Squatting till you couldn't walk very well or felt nauseous > than two min of slow burn leg workouts.
CarbSane said…
Enjoyed your little "rant" Gwen! And Gary, below, I too recall hanging out at BK as a teenager to meet cute guys from a neighboring high school! I've told this story many times but heck once more can't hurt. I live in the neighborhood where I grew up and if it weren't for Halloween and ~8:30 am when I get boxed into my street from the long line of kidlet carrying cars, you'd think there were no kids in the neighborhood. When I was a kid we were out riding bikes, playing touch football, SPUD, etc. all times of day or night when we weren't in school and the only time I got driven to school was in bad weather or running late. It's like the scene out of Fat Head which makes me not "get" Naughton even more as he blames the government and grains for obesity.
CarbSane said…
@Gunther: Do you feel this damage is permanent? I'm thinking possibly or even probably in terms of homeostasis but it's hard to separate habit from signaling in intelligent beings, eh?
CarbSane said…
I got MAJORLY sidetracked doing my Adipose Tissue Growth series (yes I'll get back to it - grin) doing a post on fat in late term gestation and infancy. Babies born small for gestational age gain fat very rapidly and are at risk for obesity. Probably over a year ago I came across a study that babies of obese mothers drink more formula. Then there's the faulty use of BMI or even weight as a measure b/c formulas that are higher in protein by only a couple percent or two predispose towards "obesity" but it seems more reasonable that they build more lean mass during rapid growth. Same goes for the studies in kids that show no benefit of activity using BMI. I've seen lots of "obese" children that look rather normal to me. I guess the reason I ask is that while I see more obese grade school age kids these days than I recall from my classmates, I'm not seeing more pudgy babies. I was a pudgy baby who had access to sugary goodies at Granny's house where I spent several mornings a week until I went to kindergarten. I grew into a lean kid, one might call me scrawny but for the fact that I was a little muscular even then. I used to baby sit for the entire neighborhood and have saw tons of infants up close and personal doing that and saw lots of pudgy babies in the late 70's early 80's.

Childhood obesity is real, but in some ways overblown too. In my generation there was such a thing as growing out of one's baby fat. I've watched friends', relatives' and neighbors' kids do just that more often than not. Which is not to say we shouldn't pay attention to true obesity in children, just that I think many are prematurely being labeled and are likely more harmed by the humiliation and intervention when they'll grow out of it.
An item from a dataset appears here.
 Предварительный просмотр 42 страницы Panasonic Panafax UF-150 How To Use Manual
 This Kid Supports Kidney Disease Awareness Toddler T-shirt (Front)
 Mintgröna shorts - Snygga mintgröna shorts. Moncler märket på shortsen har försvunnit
We see these stories on the news all too often.
Hi CS. I think if you're coming from a lifetime of obesity and yo-yoing, you'll have to do much more meticulous maintenance of your behavior than someone who never had this problem. But can you reach really low BF even if your hypothalamus was damaged, and not feel deprived or starved? Yes, you can. And it doesn't feel like a struggle.

But maintenance is the key, and I do find that over time (and it's only been a few months of this new approach), I have markedly less urges to eat more than necessary and/or to binge. I also have more spontaneous urges to move and play and do sports, something I always had to force myself to do before. I take this as a sign of healing.

The more I read about the brain, the more I see what an amazingly adaptable and renewable organ it is. This should give us hope.